What is needed:
Could you repeat the whole listing below exactly, omitting any picture it holds?

Provided data:
-----

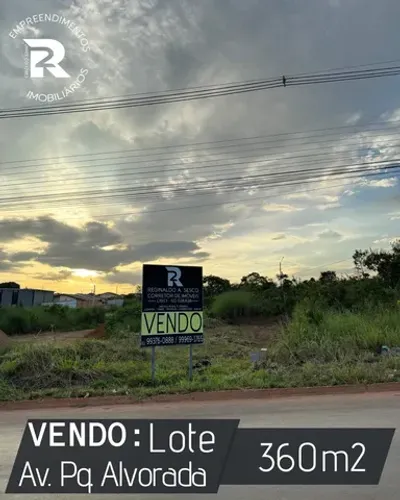 Vendo Lote na Avenida do Fórum com Projeto aprovado na Prefeitura. Pronto para construir.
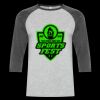 ATC™ EUROSPUN® RING SPUN BASEBALL TEE Thumbnail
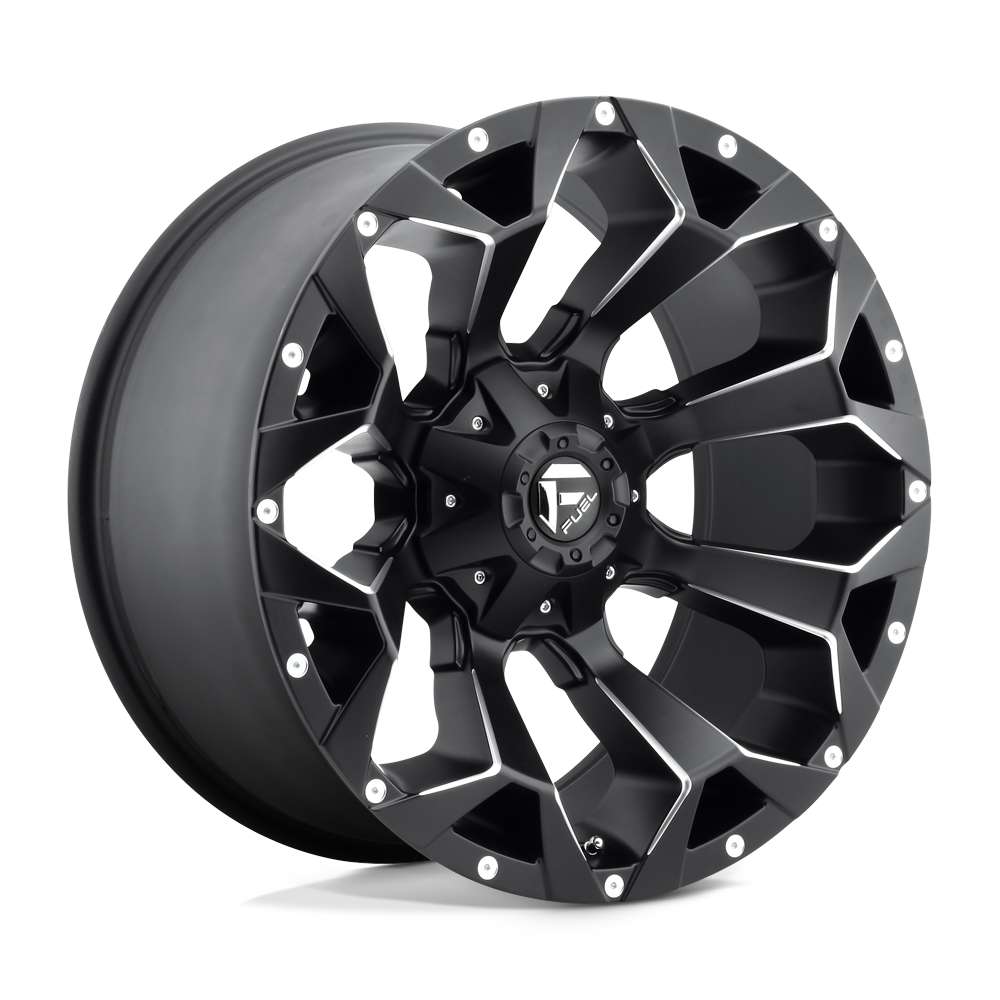 Fuel 1PC ASSAULT 22X9.5 6X135/5.5 106.1 NBD +20BB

-----

Written response:
 Vendo Lote na Avenida do Fórum com Projeto aprovado na Prefeitura. Pronto para construir.
 ATC™ EUROSPUN® RING SPUN BASEBALL TEE Thumbnail
 Fuel 1PC ASSAULT 22X9.5 6X135/5.5 106.1 NBD +20BB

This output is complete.